Riley started training camp as a cornerback and competed against Donte Deayon for a roster spot as the first-team nickelback, but was moved to safety after Darian Thompson suffered a hamstring injury. He competed to be the starting free safety against Thompson, Andrew Adams, Michael Thomas, and William Gay. Head coach Pat Shurmur named Riley the starting free safety to begin the regular season. He started alongside strong safety Landon Collins and cornerbacks Janoris Jenkins and Eli Apple.

He made his first career start in the Giants' season-opener against the Jacksonville Jaguars and recorded six combined tackles in their 20–15 loss. On October 7, 2018, Riley recorded three solo tackles, deflected a pass, and intercepted a pass by quarterback Cam Newton during a 33–31 loss at the Carolina Panthers in Week 5. On December 9 against the Washington Redskins, he scored his first NFL touchdown after intercepting a pass from Mark Sanchez.

===Oakland Raiders===
On March 22, 2019, Riley signed a one-year contract worth $810,000 with the Oakland Raiders.

===Pittsburgh Steelers===
On August 3, 2020, Riley signed a one-year contract with the Pittsburgh Steelers.
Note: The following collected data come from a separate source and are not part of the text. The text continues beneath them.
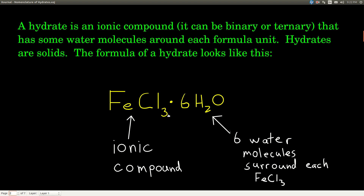The formula for a hydrate looks like this: it's always going to be the formula for an ionic compound to begin with, then a dot, then a number — if there's no number, that just means it's a 1 — and then H₂O. This ionic compound part is also called the anhydrous salt by itself. When the water molecules are attached, it's called a hydrate, and those are called the waters of hydration. This compound has six waters of hydration.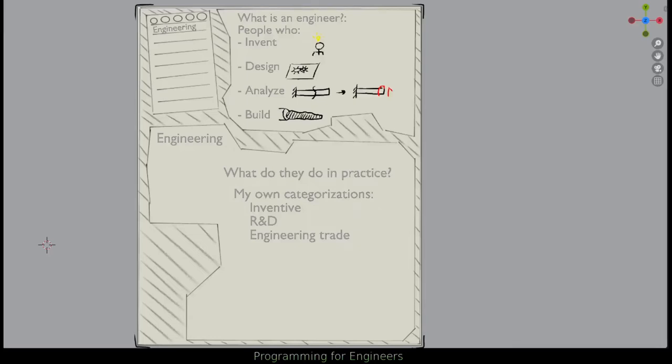So what is an engineer and what do they do? An engineer by definition is somebody who invents, designs, analyzes, and builds. Typically in a profession, an engineer will do two, three, maybe all four of these tasks.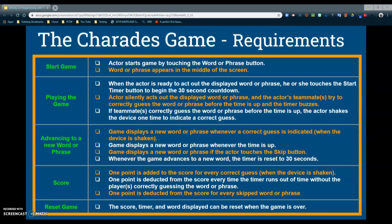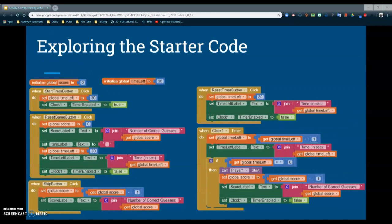The next thing we want to look at is the starter code. You can see that we have five different event handlers as well as two global variables. The global variables identified are your score and the time left. We have a start timer button which identifies the global time left and enables the start clock feature. The reset button event handler resets the global score, score label, item label, global time left, time label, and sets the clock to false. The skip button deducts a point and adjusts the score label. There's also a reset timer button that resets the time back to 30 seconds, and a clock that subtracts one second every 1000 milliseconds.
He was released by Pittsburgh on September 6, 2020, and was subsequently re-signed to the practice squad.

===Arizona Cardinals===
On September 17, 2020, the Arizona Cardinals signed Riley to their active roster off of the Steelers' practice squad after Arizona's starting safety Jalen Thompson suffered an injury in Week 1 and was placed on injured reserve. He was released by Arizona on October 6, and was re-signed to the practice squad the following day. Riley was elevated to the active roster on October 10 for the team's Week 5 game against the New York Jets, and reverted to the practice squad after the game.

===Minnesota Vikings===
On October 30, 2020, the Minnesota Vikings signed Riley to their active roster off the Cardinals' practice squad. Riley was waived by Minnesota on December 12, and was re-signed to the practice squad three days later. His practice squad contract with the team expired after the season on January 11, 2021.

===Tampa Bay Buccaneers===
On May 17, 2021, Riley signed with the Tampa Bay Buccaneers. On July 22, he was waived/injured and placed on injured reserve.